Chris Howick CChem FRSC
I read with interest William Buckland’s letter (Chemistry World, November 2016, p4)
in which he refers to the spontaneous combustion of coal. As a former power station chemist, I remember in the early 70s the UK’s Central Electricity Generating Board built up a large stockpile of coal around the country’s power stations as a strategic reserve, in heaps exceeding 1 million tonnes, to mitigate the effects of industrial action in the coalfields. These heaps were mechanically compacted, contoured and sprayed with bitumen to prevent water erosion and the ingress of air into the heap, which could result in stack fires.
My understanding of the mechanism of the combustion process is that iron pyrites (ferrous sulfide) present in the coal was pyrophoric, undergoing exothermic oxidation, if exposed to air. Most deep mined coal contains a varying amount of ‘dross’, which cannot be economically separated from the coal substance by mechanical separation. In this, crystals of iron pyrites are often found as small, gold-coloured, interlinking cubic ‘nuggets’ of fool’s gold. Pyrites will spontaneously ignite in the presence of oxygen and set fire to the surrounding coal, which acts as an insulator, thus accelerating the combustion process by increasing the temperature.

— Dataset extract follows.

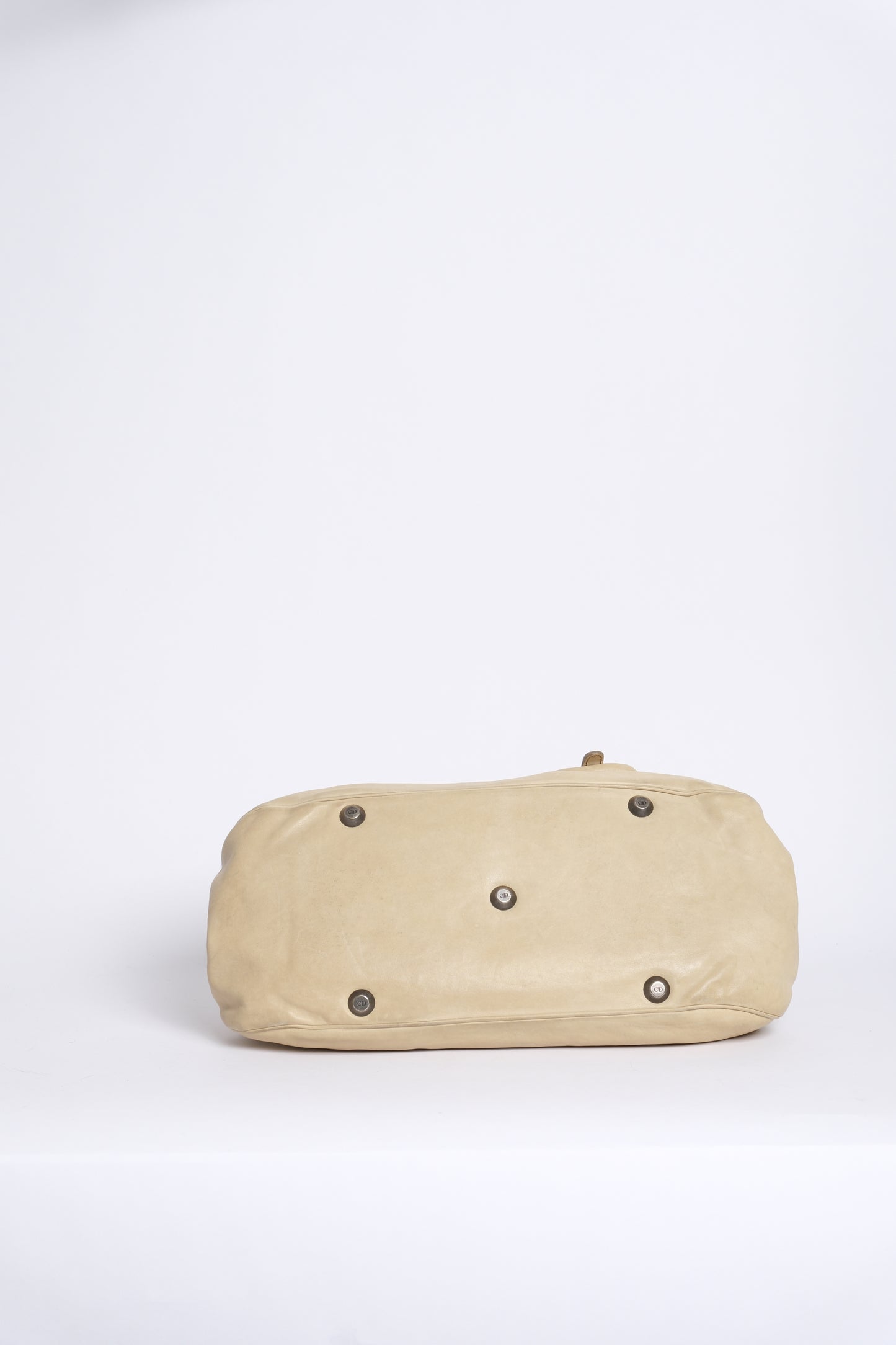 Christian Dior Beige Leather Gaucho Saddle Bowler Top Handle Bag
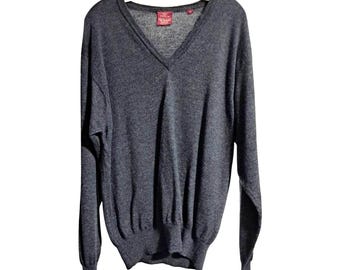 Nordstrom Merino Wool Sweater Mens Size XL Gray V Neck Long Sleeved Pullover Vin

I recall that, prior to privatisation of the electrical power industry, the coal supplied to the power stations by the National Coal Board in the Midlands contained an average of 1.6% sulfur, with approximately 0.6% of that sulfur chemically bonded into the coal substance, and much of the remainder occurring as iron sulfide.
During storage, coal slowly degrades, due to the release of methane and other hydrocarbons, resulting in a reduction of its calorific value. It was particularly important when drilling holes into the storage heap for coal samples, or the determination of the coal stack density using a radioactive source, to ensure that the holes were immediately backfilled and compacted to exclude air.
Roger Jones CChem MRSC
It all adds up
I was surprised by Kit Chapman’s statistic that only six of 52 universities offering undergraduate chemistry courses required A-level maths as an entry requirement (Chemistry World, November 2016, p60). My Royal Institute of Chemistry course in the 1960s could not have been understood without a good grounding in maths. Physical chemistry, in particular, would have been a complete no-go area. One has only to go back to text books of that time to see how impossible it would have been to understand the subject without a proficiency in calculus.
On taking early retirement I obtained a teaching qualification and spent several years teaching part-time at a local university. There, I found that science students didn’t have a sufficient mathematical grounding and I was forced to explain subjects such as acid-base theory, thermodynamics and reaction kinetics using non-quantitative concepts. Indeed, I found that my own classical teaching had sometimes obscured the underlying concepts under a cloak of equations. The fact that I knew the equations didn’t always mean that I understood the reality; it was quite refreshing to see my subject from a different perspective.
However, I am certain that a competent professional chemist needs to have a good grasp of mathematics. Yes, we must ensure that entry requirements do not exclude enthusiastic students, but when a chemistry degree is awarded it must have credibility.